» **Your goal**
From the line that holds "Girne Alsancak’ta günlük" to the last line below, retype everything exactly and nothing else; omit pictures.
[[ Records provided open ]]
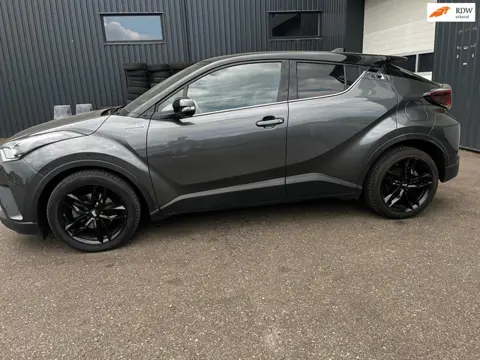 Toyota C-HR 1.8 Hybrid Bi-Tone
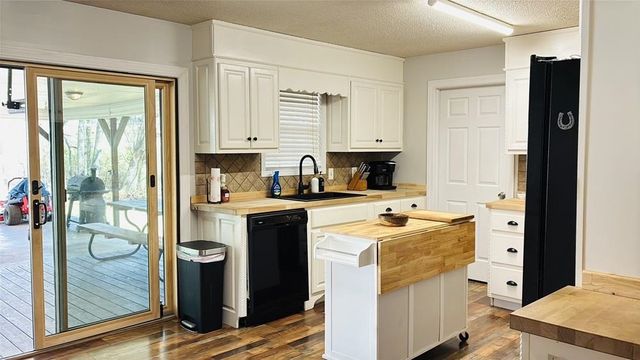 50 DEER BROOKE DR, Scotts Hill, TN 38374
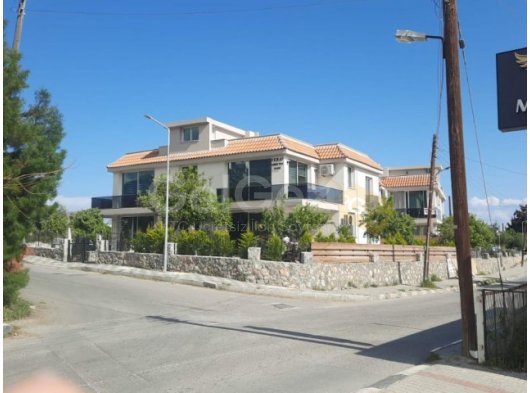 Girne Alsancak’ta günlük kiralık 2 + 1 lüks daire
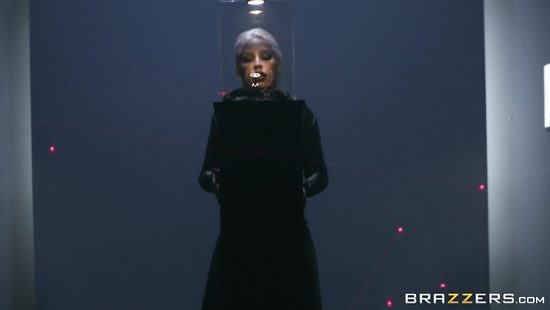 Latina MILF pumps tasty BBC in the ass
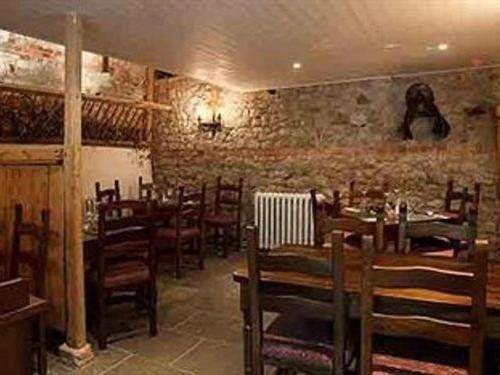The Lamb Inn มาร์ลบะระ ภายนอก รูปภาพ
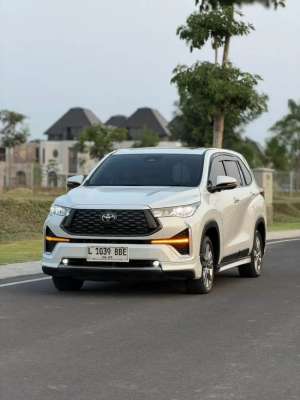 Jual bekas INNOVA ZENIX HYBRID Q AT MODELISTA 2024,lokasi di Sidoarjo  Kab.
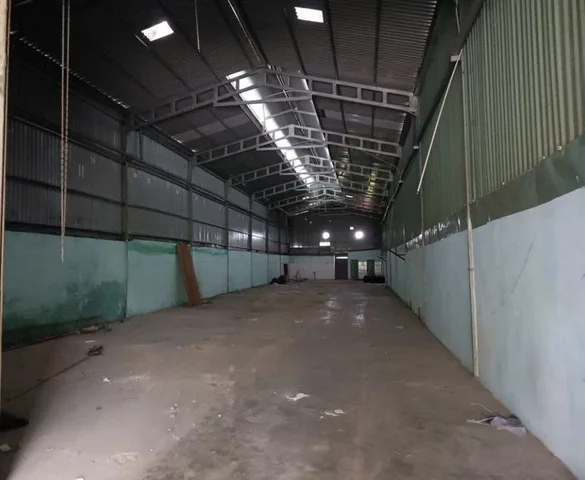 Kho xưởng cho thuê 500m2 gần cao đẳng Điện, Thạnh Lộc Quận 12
[[ Records provided closed ]]
» **Answer space**
 Girne Alsancak’ta günlük kiralık 2 + 1 lüks daire
 Latina MILF pumps tasty BBC in the ass
The Lamb Inn มาร์ลบะระ ภายนอก รูปภาพ
 Jual bekas INNOVA ZENIX HYBRID Q AT MODELISTA 2024,lokasi di Sidoarjo  Kab.
 Kho xưởng cho thuê 500m2 gần cao đẳng Điện, Thạnh Lộc Quận 12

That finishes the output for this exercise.